La poesía de Rómulo es una metafísica para inventariar, con sutileza única, las angustias terrenales del hombre. Y eso quizá también ha sido así desde siempre, desde que estaba atento al destino de las hormigas que deambulaban en el patio y el traspatio de la casa de la infancia en Santa Catalina de Alejandría o trazaba caminos sinuosos con la cola de un corcel hecho de una vara de matarratón cortado recitando un conjuro en luna nueva.

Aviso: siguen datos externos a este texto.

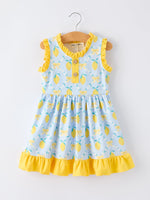 Summer Lemon Floral Print Girl Sleeveless Ruffle Dress by Rylee Faith Designs at Everetts Place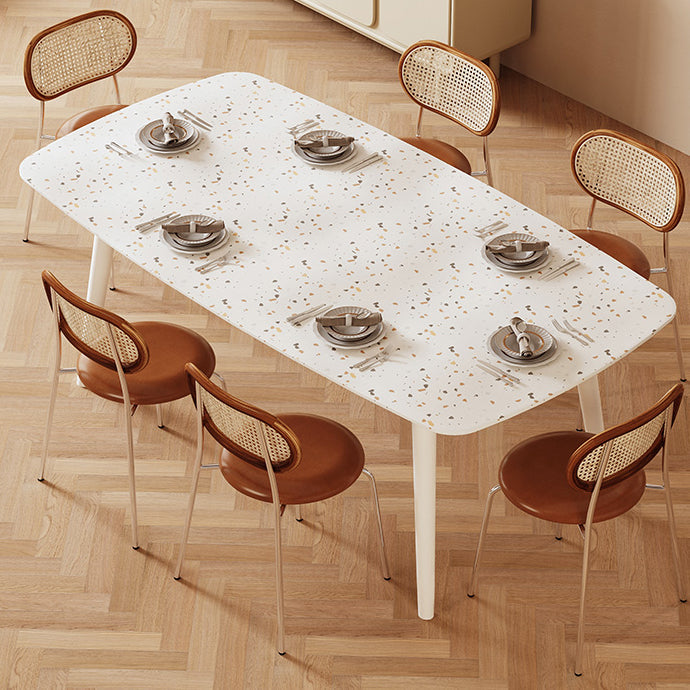 Modern Stone White Dining Table Ash Wood Base for Dining Room Clearhalo 'Dining Tables & Seating' 'Dining Tables' 'dining_table' 'furn' 'furn_dining_table' 'Furniture' 'Kitchen & Dining Furniture' 7531491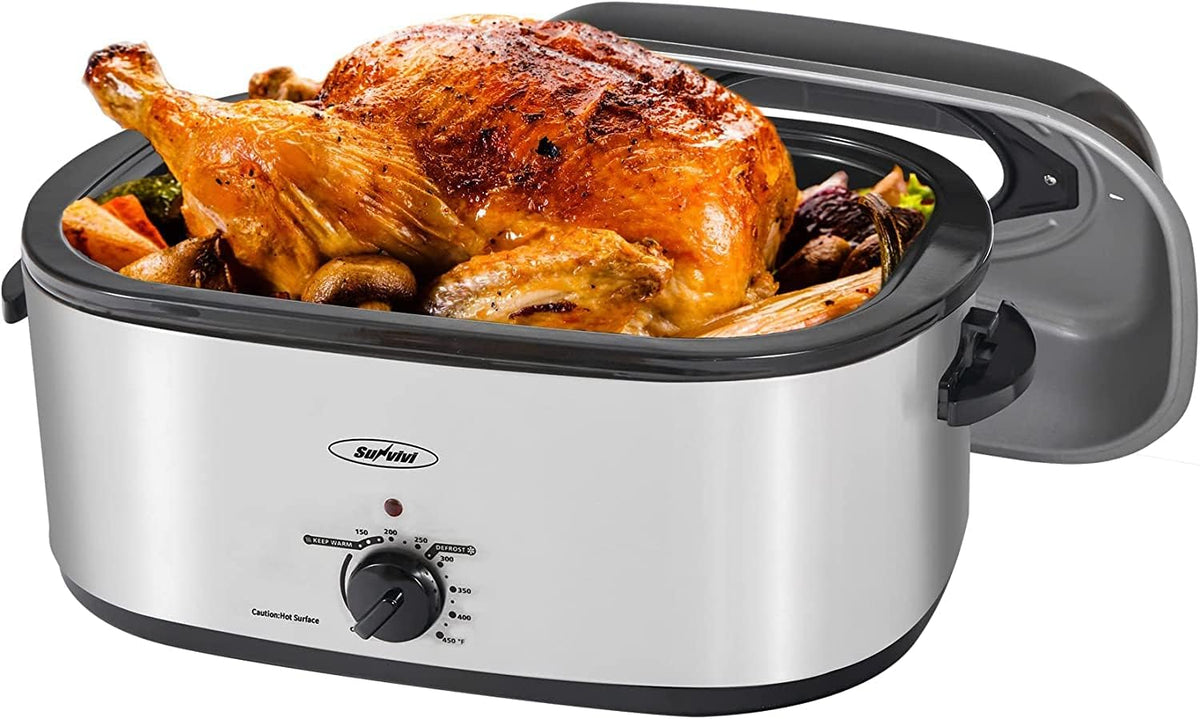 SUNVIVI Horno asador con tapa visible para mantener calor constante.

Sus ejercicios poéticos definen la complejidad del ser humano que se mueve a diario entre miserias y aciertos; entre dudas y certezas. Por eso le preocupa que el gran ojo de la mosca, que “puede observarte desde todos los ángulos”, pero que es incapaz de distinguir los colores, tampoco te distinga a ti, que pretendes atraparla, de la basura descompuesta en la que se posa. Sin ser decálogo, la poesía de Rómulo advierte. Sabe que la regla mata la poesía, y te hace invitaciones con sutileza; te pide que desconfíes de la respuesta de los espejos y a que estés atento, porque a medio día, “cuando el pájaro acabe de cantar, podría venirse abajo el cielo”. A veces insinúa certezas: se pregunta si las cabezas de las vendedoras palenqueras, “acaso mejor que el sabio”, conozcan “el peso exacto de las cosas del mundo”.

Los poetas, como en otros tiempos, ya no son recibidos por multitudes en los muelles y aeropuertos como si fueran estrellas de la música popular; sus lecturas tampoco llenan escenarios deportivos como si fueran atletas consagrados. Pero hay un público –que no es poco en tiempos de crisis– que sigue asistiendo con devoción a los recitales de Rómulo. No lo escuchan. Bustos tiene una voz que llena todo el escenario y cuando lee más que oírlo, la gente se sube a su palabra. La toca, se deja columpiar en ella. Rómulo no se lo propone, el propósito –como siempre–, lo inventamos nosotros. Pero su poesía, su voz, él mismo –a pesar del pesimismo que a veces también lo habita–, son “nuestro lazarillo en este viaje sin ruta”.

Rómulo Bustos Aguirre es finalista del Premio Nacional de Poesía. Hágase el favor de leerlo, de escucharlo. Este faro poético, que sabe bailar salsa y se pregunta si acaso no somos Ícaros dudosos portadores de alas en la espalda sin tener conciencia de ello, merece los premios. Todos.